Understanding the story
1. Where and when does this story take place?
2. What strikes you about the description of the street at the beginning?
3. Does Mrs Drover feel at home in her own house?
4. What sort of a man is the caretaker?
5. What catches Mrs Drover's attention as she is about to go upstairs?
6. What change in atmosphere has taken place when Mrs Drover looks out of her bedroom window? How does this affect the atmosphere of the story?
7. Why does the letter frighten Mrs Drover?
8. How is this fear reflected in the description of her?
9. How is she affected by the striking of the clock?
10. Describe her relationship towards her fiance.
11. What does the man say that has relevance to Mrs Drover's present situation?
12. Was she really in love with him? Give evidence from the text.
13. How did she behave after the news of her fiance's presumed death?
14. Did she remember her promise?
15. "In this house the years piled up". What does this phrase mean and how does it describe her relations to the past?
16. In what way does the empty house affect her mood and her sense of reality?
17. Can she find a rational explanation for the letter's presence? Can you?
18. Why doesn't Mrs Drover leave the house immediately?
19. What aspect is missing from her memories of August 1916, and why is it important?
20. how does the description of the street increase the sinister atmosphere of the story?
2l. What happens before she gets into the taxi that might have warned her?
22. Who is the taxi-driver?
Style and language
1. How would you describe the style of the story, particularly the vocabulary used? How does it compare, for example, to Sillitoe's style in the preceding story? Give examples from the text.
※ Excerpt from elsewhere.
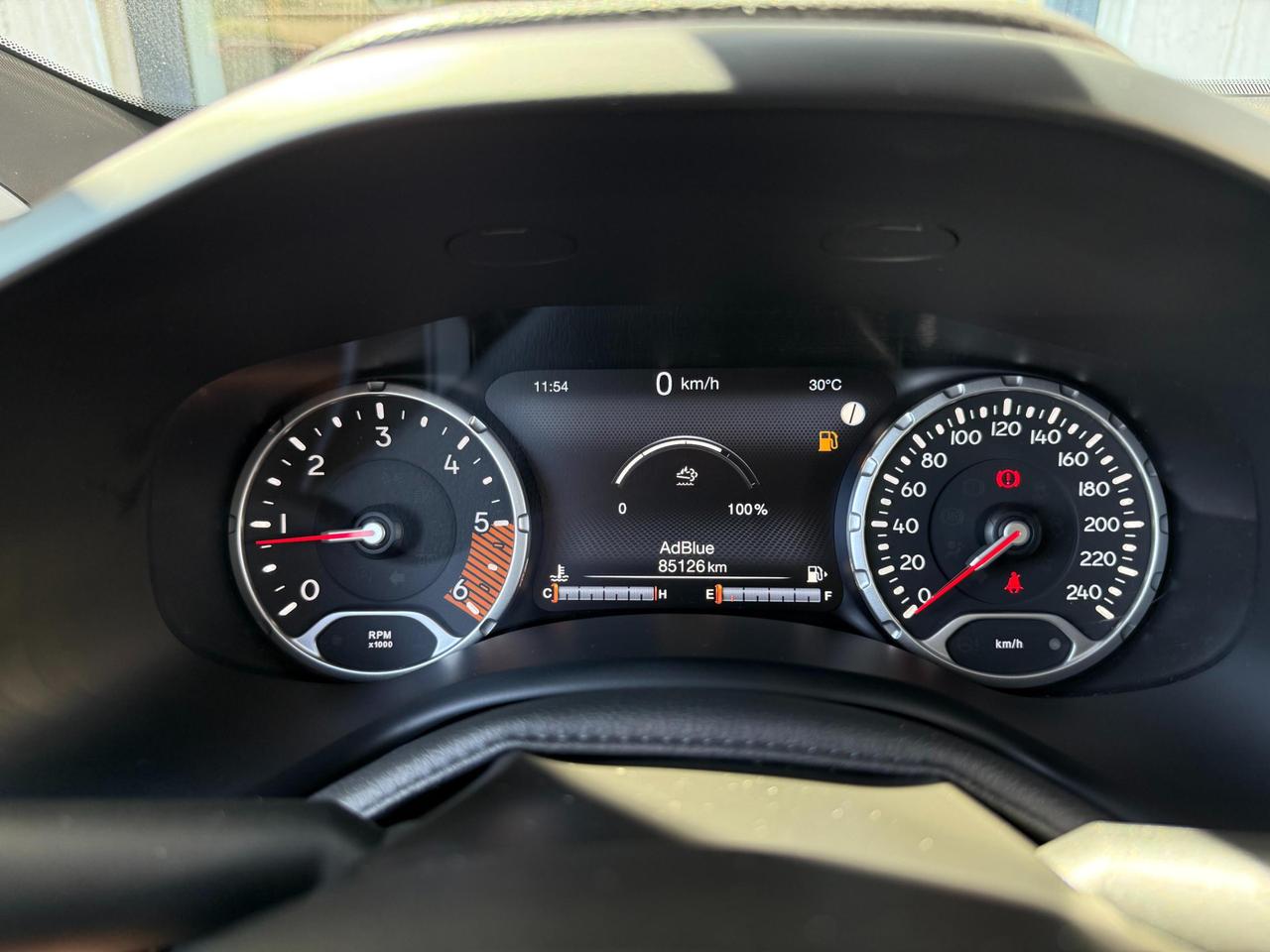 Jeep Renegade 1.6 mjt Limited 2wd 130cv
2. Imagery. In this story, many inanimate objects (furniture etc.) described as if they were living things. Find examples. What effect this have on the atmosphere of the story?
3. Find examples of internal monologue and say how they reveal to Mrs Drover's growing sense of alarm.
Further discussion
1. Could this story really have happened? Can you think of a logical explanation for the ending?
2. Was there anything "demonic" in the relationship between Kathleen and her "lover"? Quote from the text.
3. How does Mrs Drover's character change from the beginning of the story to the end? How does the author convey this change?
4. Do you think it is fair for the "demon lover" to come for Mrs Drover after having kept her waiting for so many years? What symbol of her promise does she still bear? In what other contexts have you come across marks of this kind?
5. "Things done in our youth and now long forgotten have a strange way upsetting our lives when we least expect them to". Discuss this statement in relation to the story and your own experience.
6. This story is not a horror story, but it contains several elements of this genre. Discuss the similarities and differences.
7. Give a full stylistic analysis of the text.